Aussie corporate borrowers mine seam of Asian wealth

Demand from yield-hungry bond investors will see more Australian corporate debt placed in Asia, says NAB’s Steve Lambert.
Aussie rules: NAB reports up to 50% of each deal it arranges for an Australian financial institution is currently placed in Asian hands.
Aussie rules: NAB reports up to 50% of each deal it arranges for an Australian financial institution is currently placed in Asian hands.

Asian bond investors are no stranger to Australian debt but their appetite is changing in favour of high-yielding corporate bonds, according to Steve Lambert, executive general manager of debt markets at National Australia Bank (NAB) in Sydney.

“We are seeing a shift in relative weightings and what type of credit Asian investors buy,” said Lambert, who believes the market is in risk-on mode. “In the past year, there has been a growing interest in corporate bonds. Investors are looking for yield and they want more balance, more diversification in their portfolios.”

FinanceAsia and NAB recently conducted a survey on Asian institutional investor attitudes towards Australian debt securities, with the results due to be published in the October issue of FinanceAsia magazine. Poll participants offered their views on macroeconomic indicators and provided information on current allocation strategies and future buying interest.

More than three-quarters of respondents who already hold Australian securities said they plan to increase their allocation to corporate bonds in the next 12 months.

Lambert expects the Asian bid to be highest for issuers that have a defined Asia strategy.

“Any company that is taking advantage of the Asian market on its doorstep is likely to appeal,” he said. “This might include companies in the food and agribusiness sectors, or those in base metals, building materials and utilities.”

Investors who are looking for the highest possible yield with limited regard for other factors will earn more if they buy a lower-rated company from a second-tier Asian economy, said Lambert. “But for value and risk, you can’t really go past an Australian corporate bond.

“Listed Australian companies are bound by strict stock exchange rules that require continuous disclosure. Those that issue bonds are household names with strong brands, and they are well covered by both debt and equity analysts.”

Asia’s increasing share of public and private wealth means the pool of capital available to bond issuers is increasing at an unprecedented rate.

The Asian bid is already a critical component of the bookbuilding process for Australian issuers, particularly government entities and financial institutions. NAB reports up to 50% of each deal it arranges for an Australian financial institution is currently placed in Asian hands. The bank expects the same distribution ratios can be achieved for corporate issuers.

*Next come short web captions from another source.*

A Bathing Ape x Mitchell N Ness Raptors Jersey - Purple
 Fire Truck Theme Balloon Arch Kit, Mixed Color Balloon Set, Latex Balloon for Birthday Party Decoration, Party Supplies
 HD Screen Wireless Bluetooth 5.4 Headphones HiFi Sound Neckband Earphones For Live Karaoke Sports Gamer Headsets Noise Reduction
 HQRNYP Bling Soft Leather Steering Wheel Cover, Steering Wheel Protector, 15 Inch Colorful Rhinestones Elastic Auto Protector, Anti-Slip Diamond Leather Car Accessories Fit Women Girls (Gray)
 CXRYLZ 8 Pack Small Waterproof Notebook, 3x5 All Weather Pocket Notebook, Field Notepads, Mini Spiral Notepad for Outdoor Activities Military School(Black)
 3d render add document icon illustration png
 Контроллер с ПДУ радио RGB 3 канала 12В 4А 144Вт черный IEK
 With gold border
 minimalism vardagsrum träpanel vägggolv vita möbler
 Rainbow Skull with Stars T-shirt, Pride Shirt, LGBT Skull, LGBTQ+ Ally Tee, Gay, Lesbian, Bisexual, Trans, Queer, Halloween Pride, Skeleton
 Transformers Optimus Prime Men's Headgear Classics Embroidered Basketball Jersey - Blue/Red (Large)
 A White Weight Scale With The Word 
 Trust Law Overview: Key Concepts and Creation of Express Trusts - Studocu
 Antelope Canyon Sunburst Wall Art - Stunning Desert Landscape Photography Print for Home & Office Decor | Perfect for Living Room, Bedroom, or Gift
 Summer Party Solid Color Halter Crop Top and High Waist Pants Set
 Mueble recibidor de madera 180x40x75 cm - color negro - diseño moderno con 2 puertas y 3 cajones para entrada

“Investors want to take different types of risk and more diversified risk – this is where Australia comes into play,” said Lambert, who notes Australian securities have offered investors a stable proposition and have performed well. “Compared to other developed markets investors can get good yields here, and it’s a triple-A rated credit.”

On the supply side, Lambert is confident Australia’s economy is headed in a positive direction, and this will encourage further issuance from corporate borrowers.

“Australian companies have spent the past few years deleveraging and taking a cautious approach, but now we are seeing growing confidence in the business sector,” he said.

“Company managers are brushing off old projects and recrunching the numbers on potential acquisitions. I see a steady rise in investment activity in the coming months and this will lead to an increase in the demand for funding.”

To make the most of the Asian bid, Lambert said borrowers need to conduct regular roadshows to the region, and not just to the financial centres of Hong Kong and Singapore, but other centres such as Taiwan and Kuala Lumpur.